Work order: Further down are entries; set down exactly and only the lines from the one with "QI Wireless Charger" up to and including the one with "Hülle für Apple", dropping each picture.

Data supplied:
————————
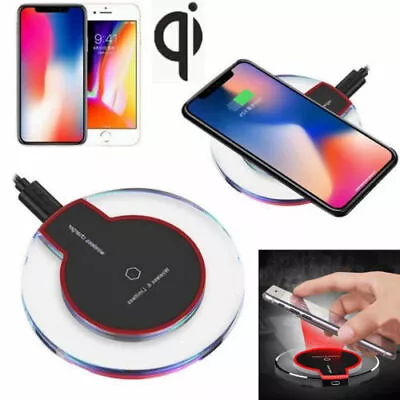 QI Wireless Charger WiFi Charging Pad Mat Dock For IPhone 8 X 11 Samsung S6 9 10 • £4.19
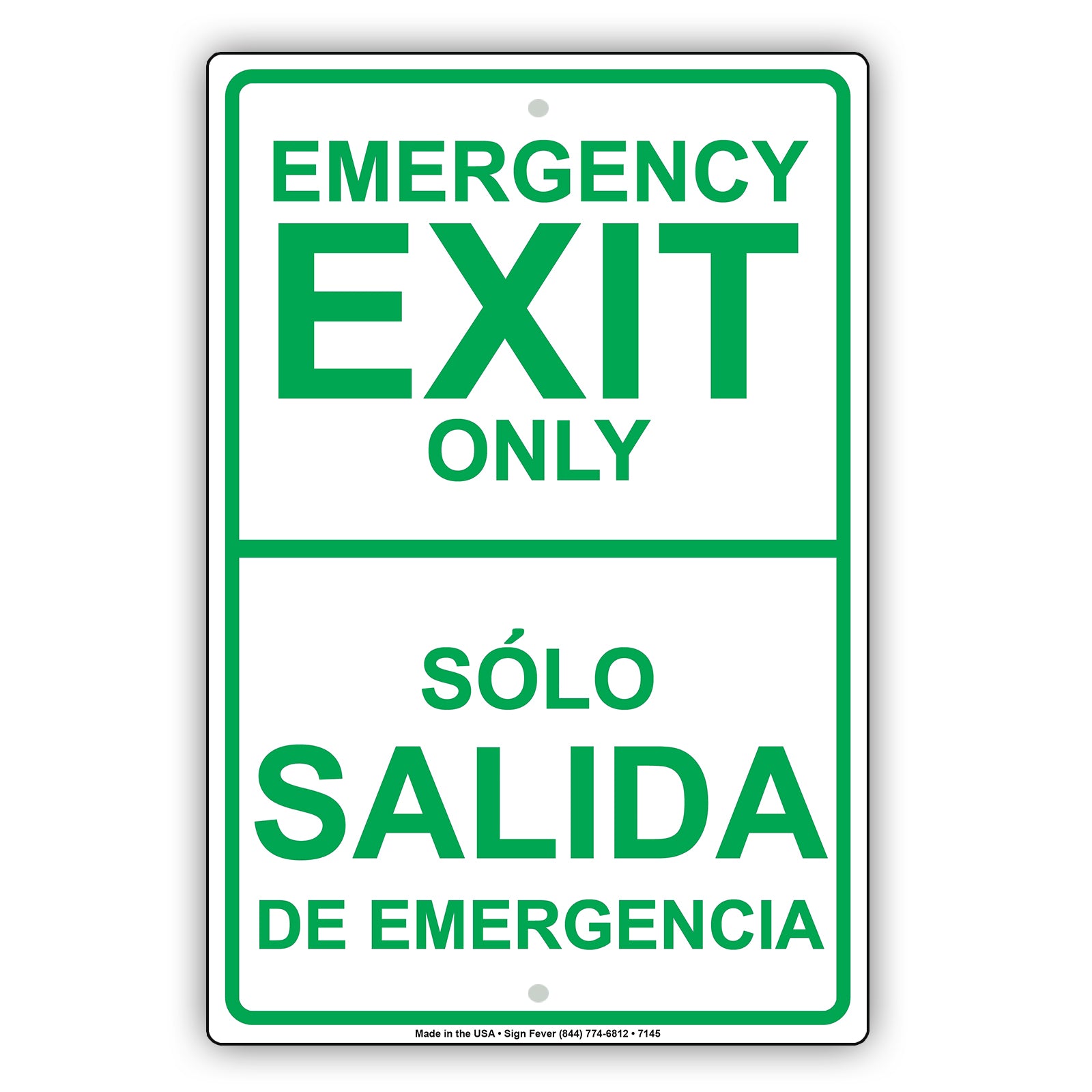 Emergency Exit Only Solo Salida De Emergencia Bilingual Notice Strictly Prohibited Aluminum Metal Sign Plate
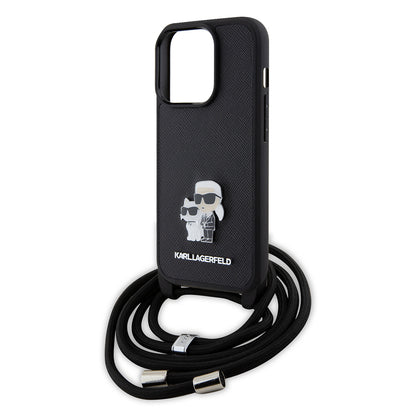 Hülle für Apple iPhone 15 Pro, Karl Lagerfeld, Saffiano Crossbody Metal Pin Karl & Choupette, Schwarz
————————
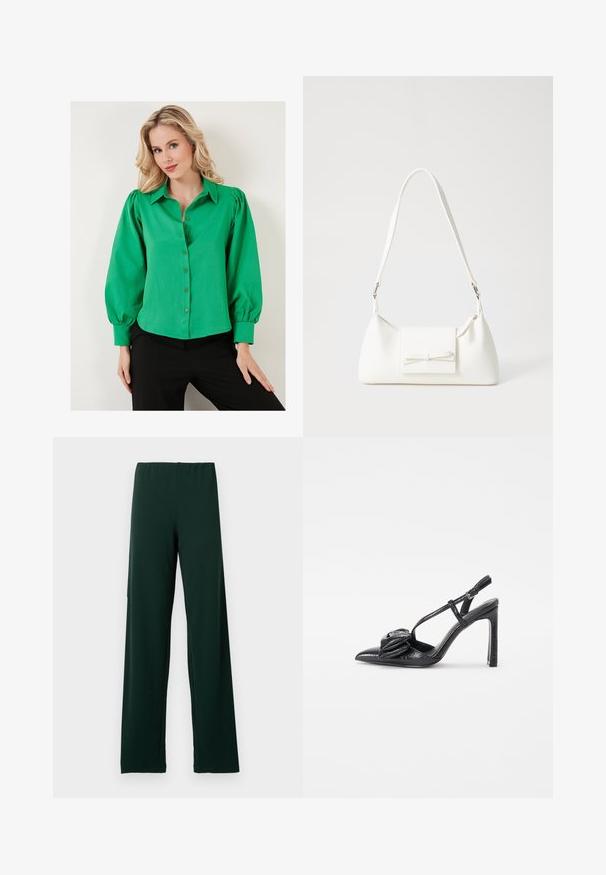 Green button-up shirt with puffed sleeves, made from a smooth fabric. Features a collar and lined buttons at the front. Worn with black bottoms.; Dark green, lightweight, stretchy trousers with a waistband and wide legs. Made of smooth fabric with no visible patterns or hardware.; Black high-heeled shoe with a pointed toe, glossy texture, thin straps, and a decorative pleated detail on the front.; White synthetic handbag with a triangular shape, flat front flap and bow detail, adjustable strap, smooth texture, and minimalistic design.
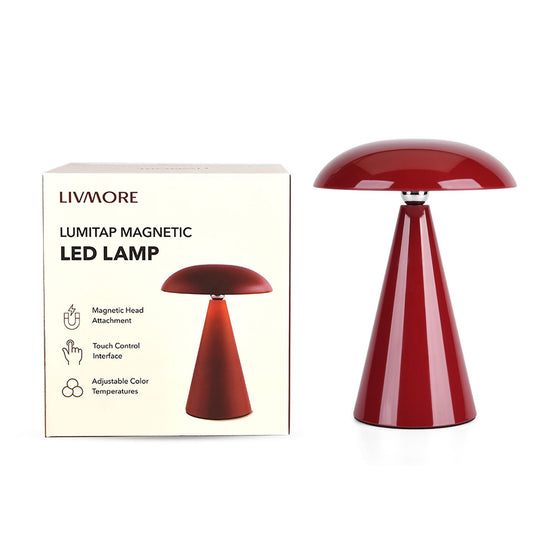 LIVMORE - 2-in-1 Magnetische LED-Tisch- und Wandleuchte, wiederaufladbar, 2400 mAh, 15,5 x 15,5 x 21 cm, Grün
————————
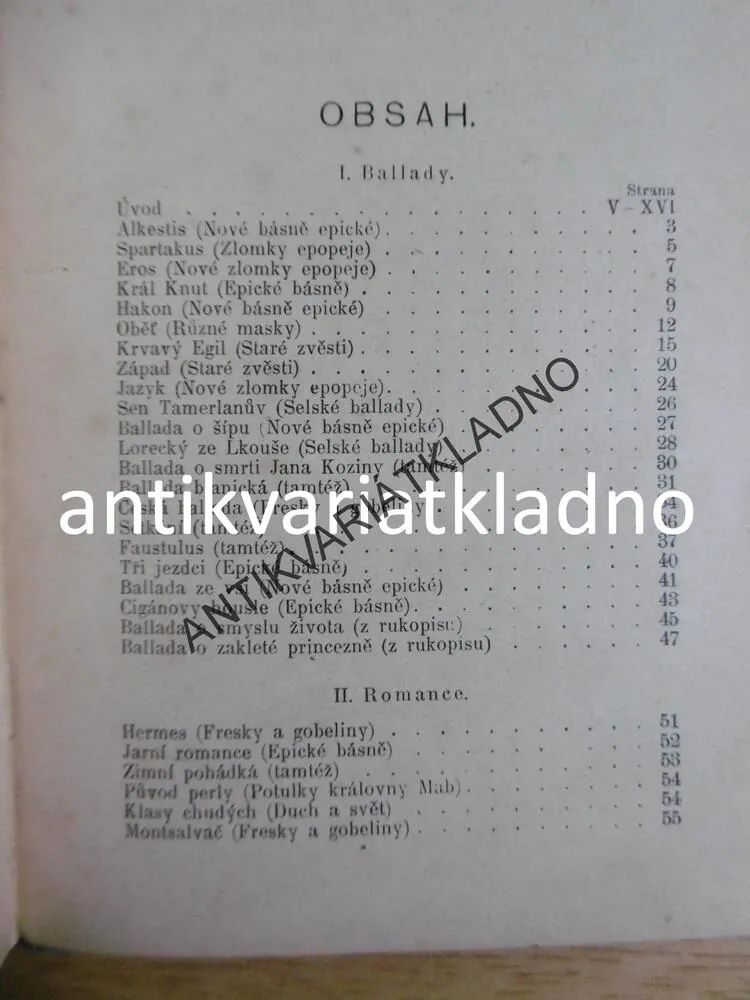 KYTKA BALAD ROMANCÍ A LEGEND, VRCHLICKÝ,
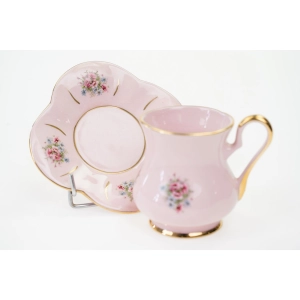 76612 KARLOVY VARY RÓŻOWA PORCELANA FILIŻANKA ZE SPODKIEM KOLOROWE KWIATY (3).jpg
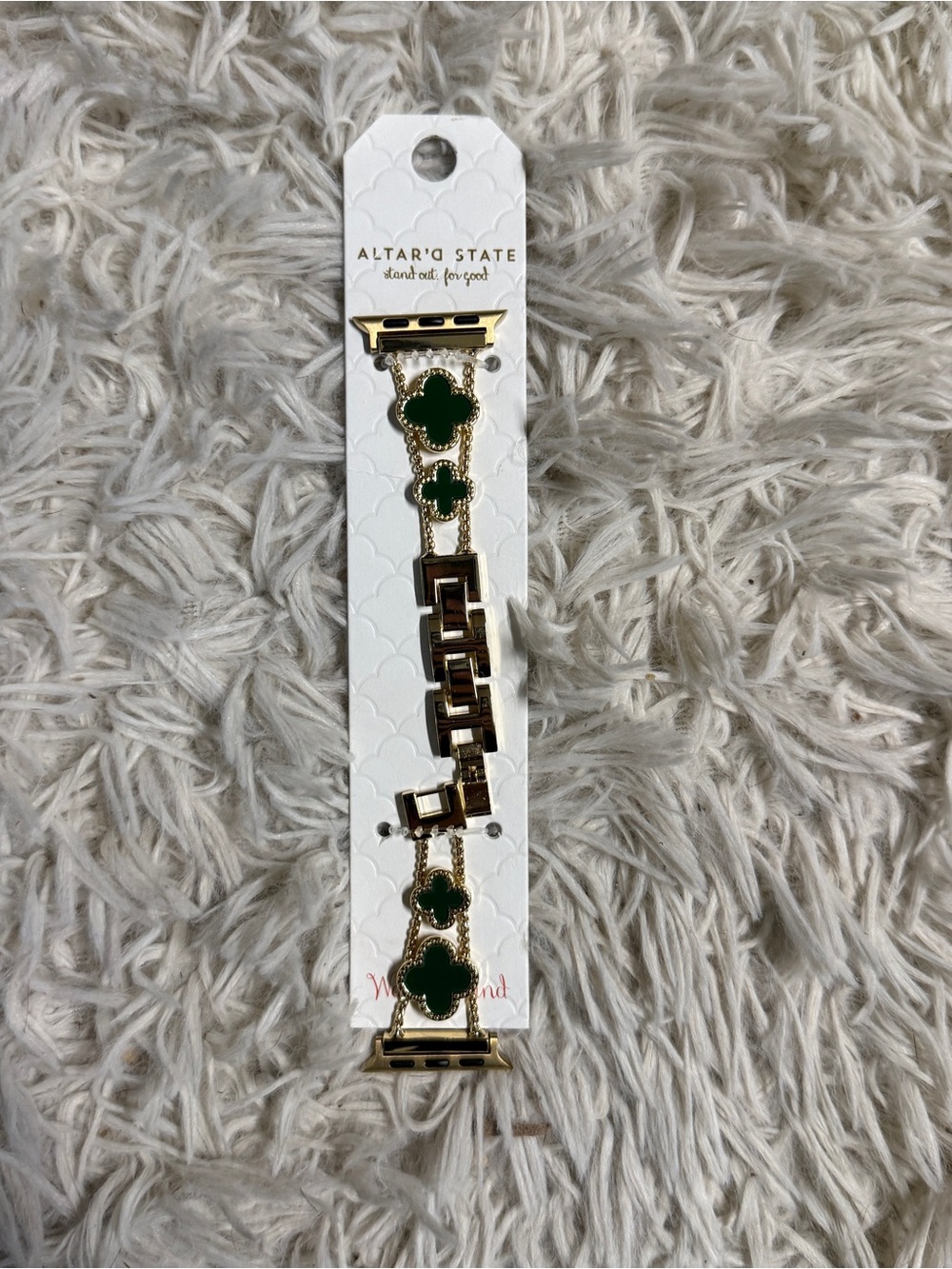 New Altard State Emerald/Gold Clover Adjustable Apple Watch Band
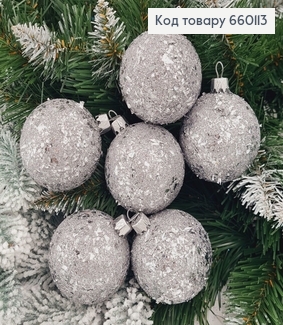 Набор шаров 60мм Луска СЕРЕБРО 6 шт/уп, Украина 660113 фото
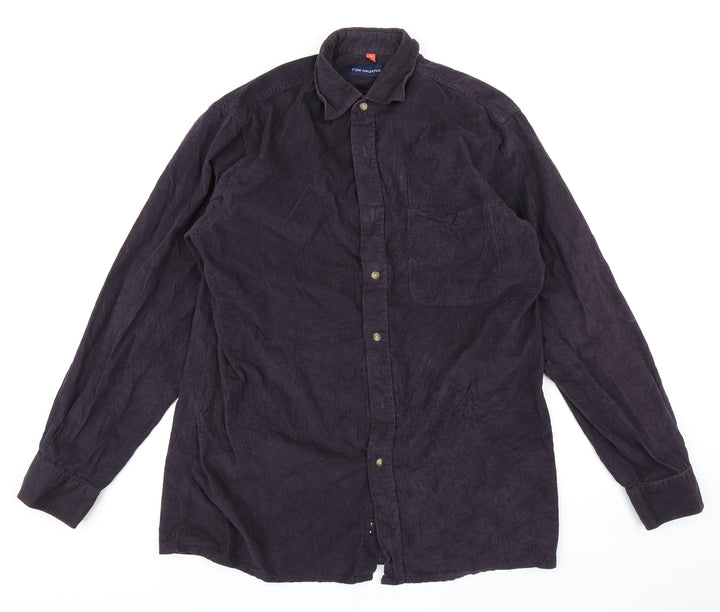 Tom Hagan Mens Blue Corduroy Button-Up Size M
————————
Reply:
 QI Wireless Charger WiFi Charging Pad Mat Dock For IPhone 8 X 11 Samsung S6 9 10 • £4.19
 Emergency Exit Only Solo Salida De Emergencia Bilingual Notice Strictly Prohibited Aluminum Metal Sign Plate
 Hülle für Apple iPhone 15 Pro, Karl Lagerfeld, Saffiano Crossbody Metal Pin Karl & Choupette, Schwarz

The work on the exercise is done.